Monday, 3 December 2012

BBC – Turner Prize

 There must be thousands of Brits who watched the announcement of this year’s Turner Prize with profound gratification and contentment, perhaps many thousands. Let us start with the winner, whatshername, who, having achieved this apotheosis, must be pleased not only with the cash but with the vindication of her lifelong struggle against the philistines who had hitherto neglected her genius and creativity. The Art Establishment must also be thrilled by the public recognition of the importance of Art, of Society’s implicit embrace of Art’s place in our world. The bureaucrats who administer this award, the journalists who announce it, the commentators who grace our TVs to give us the benefit of their opinions and next year’s hopefuls must be enormously relieved that at least the BBC has endorsed this fabulously important event.

Not me!

Beauty, Imagination, and Truth (not to mention talent and skill) were entirely absent from this dreary video compilation.
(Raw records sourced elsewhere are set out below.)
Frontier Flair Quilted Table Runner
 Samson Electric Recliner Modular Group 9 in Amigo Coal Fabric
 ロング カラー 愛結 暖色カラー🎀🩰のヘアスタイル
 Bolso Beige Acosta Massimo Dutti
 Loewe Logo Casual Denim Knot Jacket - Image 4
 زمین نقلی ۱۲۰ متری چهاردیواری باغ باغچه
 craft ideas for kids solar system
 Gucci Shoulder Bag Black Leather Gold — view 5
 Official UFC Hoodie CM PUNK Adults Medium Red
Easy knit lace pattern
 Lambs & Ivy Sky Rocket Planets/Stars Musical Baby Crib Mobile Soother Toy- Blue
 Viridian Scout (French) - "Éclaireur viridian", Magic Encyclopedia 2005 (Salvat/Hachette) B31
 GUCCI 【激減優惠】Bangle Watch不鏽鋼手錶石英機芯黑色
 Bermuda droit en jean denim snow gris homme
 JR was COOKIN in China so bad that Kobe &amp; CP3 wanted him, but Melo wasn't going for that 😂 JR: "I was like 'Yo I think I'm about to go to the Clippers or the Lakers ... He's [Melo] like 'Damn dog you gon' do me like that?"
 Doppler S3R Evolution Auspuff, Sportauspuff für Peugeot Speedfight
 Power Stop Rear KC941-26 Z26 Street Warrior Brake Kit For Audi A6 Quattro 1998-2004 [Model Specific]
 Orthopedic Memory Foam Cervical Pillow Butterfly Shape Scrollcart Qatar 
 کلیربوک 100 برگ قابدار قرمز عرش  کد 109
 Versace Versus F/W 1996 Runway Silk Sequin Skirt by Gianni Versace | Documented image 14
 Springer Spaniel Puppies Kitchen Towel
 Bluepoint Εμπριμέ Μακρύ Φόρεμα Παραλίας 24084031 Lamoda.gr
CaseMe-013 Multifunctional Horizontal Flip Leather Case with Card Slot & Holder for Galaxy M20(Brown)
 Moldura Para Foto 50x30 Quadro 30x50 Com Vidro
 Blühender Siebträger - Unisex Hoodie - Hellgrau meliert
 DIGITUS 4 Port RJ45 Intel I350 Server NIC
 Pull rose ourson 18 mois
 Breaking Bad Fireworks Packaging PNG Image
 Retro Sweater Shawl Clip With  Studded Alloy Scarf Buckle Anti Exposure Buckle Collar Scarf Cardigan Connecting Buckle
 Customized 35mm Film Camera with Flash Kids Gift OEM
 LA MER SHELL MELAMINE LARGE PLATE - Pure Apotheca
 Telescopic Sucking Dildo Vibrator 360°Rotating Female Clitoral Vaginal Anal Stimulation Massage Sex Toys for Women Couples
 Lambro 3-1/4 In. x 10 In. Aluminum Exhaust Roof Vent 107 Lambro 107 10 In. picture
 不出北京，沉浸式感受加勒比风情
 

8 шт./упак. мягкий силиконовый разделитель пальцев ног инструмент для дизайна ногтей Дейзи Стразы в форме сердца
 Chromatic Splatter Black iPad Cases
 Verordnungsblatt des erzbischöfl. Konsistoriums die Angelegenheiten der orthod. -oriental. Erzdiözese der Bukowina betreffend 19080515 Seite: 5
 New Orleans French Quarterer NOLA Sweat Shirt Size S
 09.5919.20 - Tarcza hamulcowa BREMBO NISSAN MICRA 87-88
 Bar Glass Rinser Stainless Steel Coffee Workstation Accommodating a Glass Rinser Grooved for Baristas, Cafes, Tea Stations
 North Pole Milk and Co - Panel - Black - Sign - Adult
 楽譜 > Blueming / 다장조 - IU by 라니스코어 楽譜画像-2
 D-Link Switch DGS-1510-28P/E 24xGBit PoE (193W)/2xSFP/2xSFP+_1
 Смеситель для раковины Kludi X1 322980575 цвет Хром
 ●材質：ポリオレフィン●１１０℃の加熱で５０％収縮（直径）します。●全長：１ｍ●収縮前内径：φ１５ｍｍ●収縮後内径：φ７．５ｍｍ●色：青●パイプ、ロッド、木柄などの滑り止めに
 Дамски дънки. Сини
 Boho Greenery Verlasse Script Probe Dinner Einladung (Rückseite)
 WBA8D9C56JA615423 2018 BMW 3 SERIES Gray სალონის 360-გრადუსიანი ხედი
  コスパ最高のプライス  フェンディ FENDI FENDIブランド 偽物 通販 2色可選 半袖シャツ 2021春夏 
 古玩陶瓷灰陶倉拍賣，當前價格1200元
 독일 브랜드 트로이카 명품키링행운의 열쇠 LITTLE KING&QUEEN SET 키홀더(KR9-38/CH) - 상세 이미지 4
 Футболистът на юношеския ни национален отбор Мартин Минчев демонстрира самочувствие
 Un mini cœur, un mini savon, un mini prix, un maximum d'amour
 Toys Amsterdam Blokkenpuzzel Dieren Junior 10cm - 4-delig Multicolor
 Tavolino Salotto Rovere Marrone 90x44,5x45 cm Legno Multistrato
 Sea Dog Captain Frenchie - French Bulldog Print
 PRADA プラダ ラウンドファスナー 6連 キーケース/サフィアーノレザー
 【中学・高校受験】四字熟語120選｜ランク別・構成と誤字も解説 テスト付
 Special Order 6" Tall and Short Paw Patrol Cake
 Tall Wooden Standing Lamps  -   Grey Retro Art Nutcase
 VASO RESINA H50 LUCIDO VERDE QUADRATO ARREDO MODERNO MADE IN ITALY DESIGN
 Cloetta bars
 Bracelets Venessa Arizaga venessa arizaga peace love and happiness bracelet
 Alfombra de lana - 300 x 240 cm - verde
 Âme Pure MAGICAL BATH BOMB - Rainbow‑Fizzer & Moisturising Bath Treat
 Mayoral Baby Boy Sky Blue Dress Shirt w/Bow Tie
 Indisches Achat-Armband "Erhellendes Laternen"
Indeed, it seems to me that to exclude all the above is patently a prerequisite for all aspiring contenders.

Of course, it may be my peculiar blindness that prevents me from rejoicing in this award, as it has with respect to all the others I can remember. It is, undoubtedly, a blindness I share with 95%+ of my fellow Brits.

My beloved readers will perhaps remember snotty remarks I have made about Democracy, a system whereby the electorate is encouraged to vote for their narrow short-term interests. Damn them (the electorate, not my readers) for doing so – actually they damn themselves, their children and generations unborn by doing so.

My majority is not, insofar as public endowments of the arts are concerned, narrow and short-sighted in their view. They simply do not give a s**t. But, if you were to draw their attention to the £tax spent on this idiocy, I wager that they would be nauseated. Public money spent on Art is trivial, compared to public money spent on “education”; and does less harm. And yet, take their cash and spend it on this rubbish and there will be hardly one in a thousand who does not retch at the thought.

Some will compare money spent on “high-brow” stuff with that spent on football or pop music. I welcome the comparison. I never go to pop concerts or football matches and I may deplore your taste if you do. Call me a snob if you like; I can take it.

Nobody is forced to go to a Manchester or Liverpool Derby. Nobody is compelled to buy a Lady Ga-ga album. Taxes are taken from all of us to fund the Arts Council and Covent Garden.

Sir Humphrey is the truest representative of our political masters in recent fiction. Jim Hacker is his tool. Mrs Thatcher was the greatest fan of “Yes, Minister”; and yet, when the f**king PM allowed that this programme revealed more political reality than the chattering classes ever do, who noticed?